● **EXERCISE DIRECTIONS**:
Below this line is a listing that includes pictures. Copy exactly, and only, the lines from the one containing "Liebe Schäferhündin Emma, ca." through the one containing "20180803_203116.jpg"; the pictures do not go in the copy.

● **DATA LISTING**:
##########
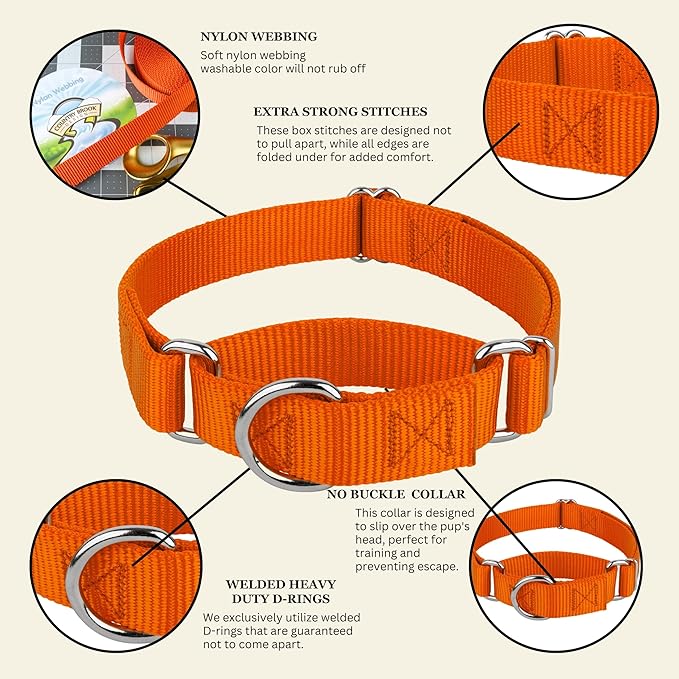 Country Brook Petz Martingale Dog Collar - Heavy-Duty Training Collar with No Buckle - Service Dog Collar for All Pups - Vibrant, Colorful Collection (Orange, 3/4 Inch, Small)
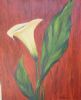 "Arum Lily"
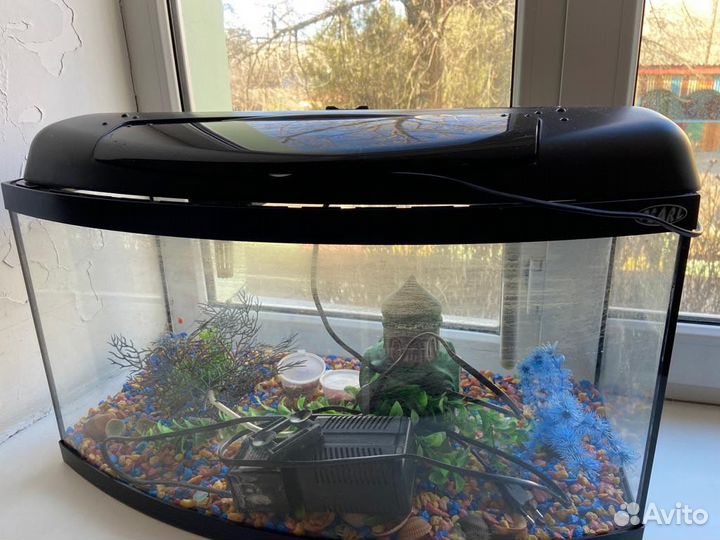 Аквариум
##########
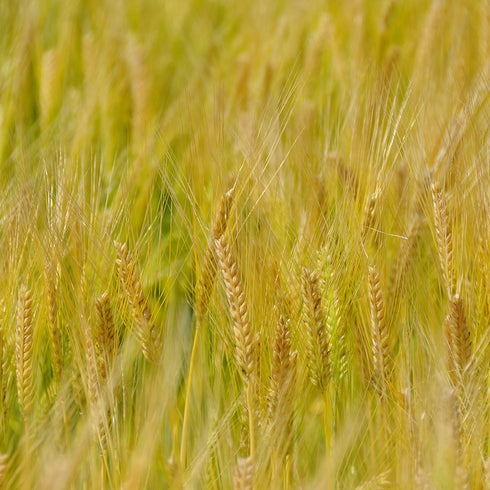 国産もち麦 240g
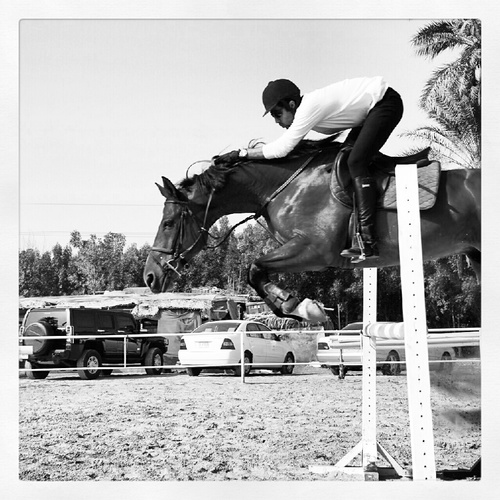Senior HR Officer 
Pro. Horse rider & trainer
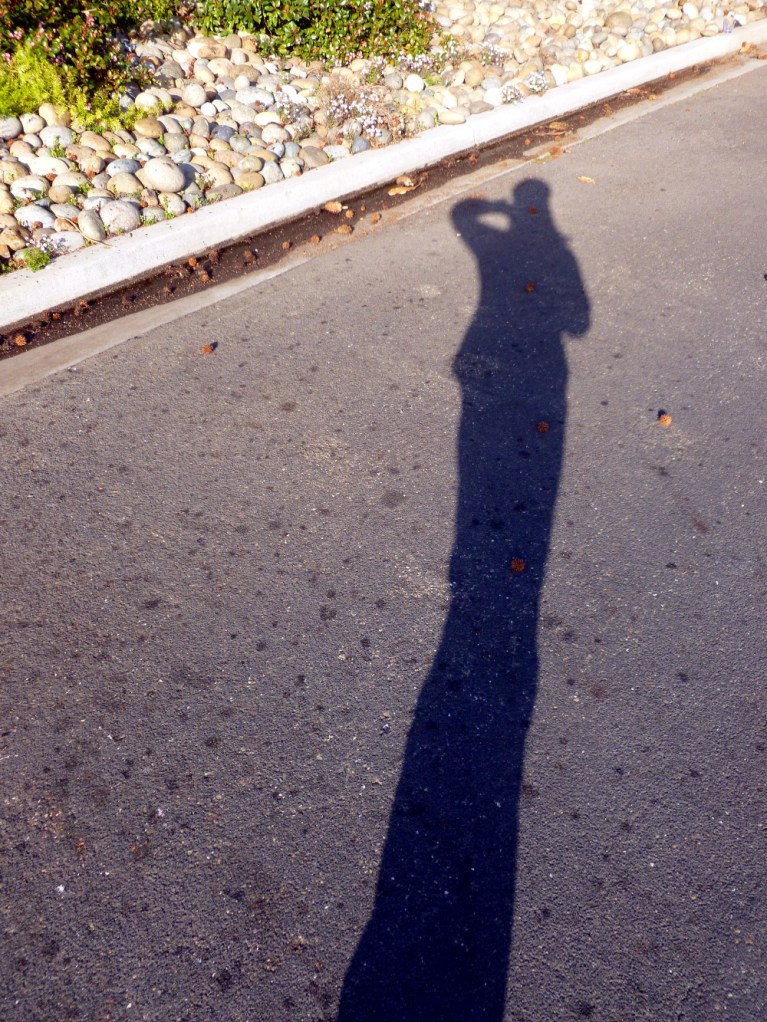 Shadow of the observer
##########
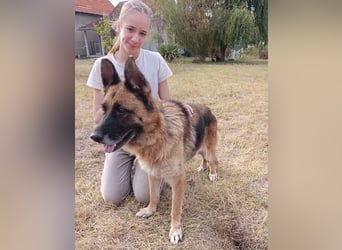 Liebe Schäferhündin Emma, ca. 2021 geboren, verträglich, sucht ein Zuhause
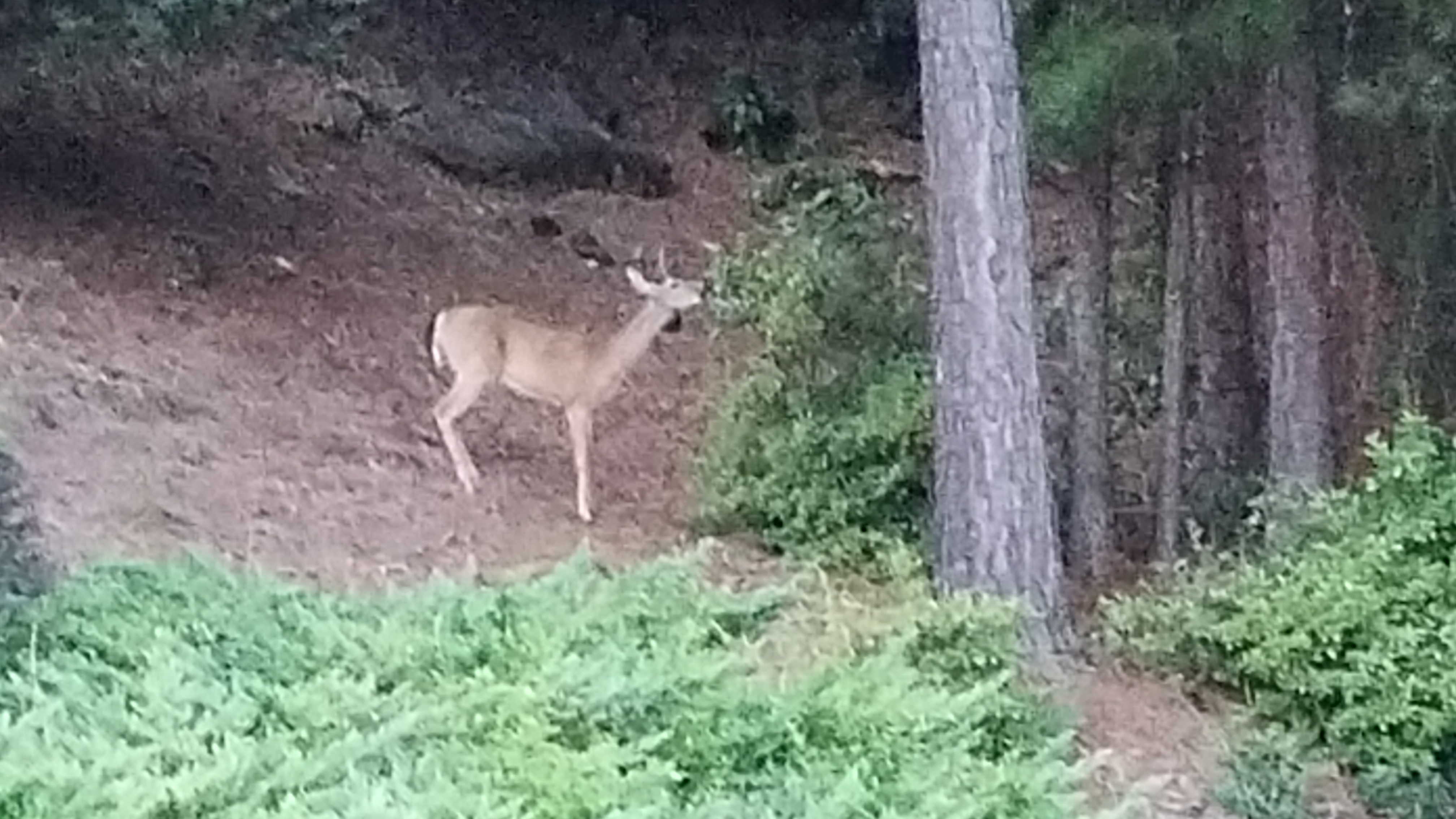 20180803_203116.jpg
##########
● **EXPECTED ANSWER**:
 Liebe Schäferhündin Emma, ca. 2021 geboren, verträglich, sucht ein Zuhause
 20180803_203116.jpg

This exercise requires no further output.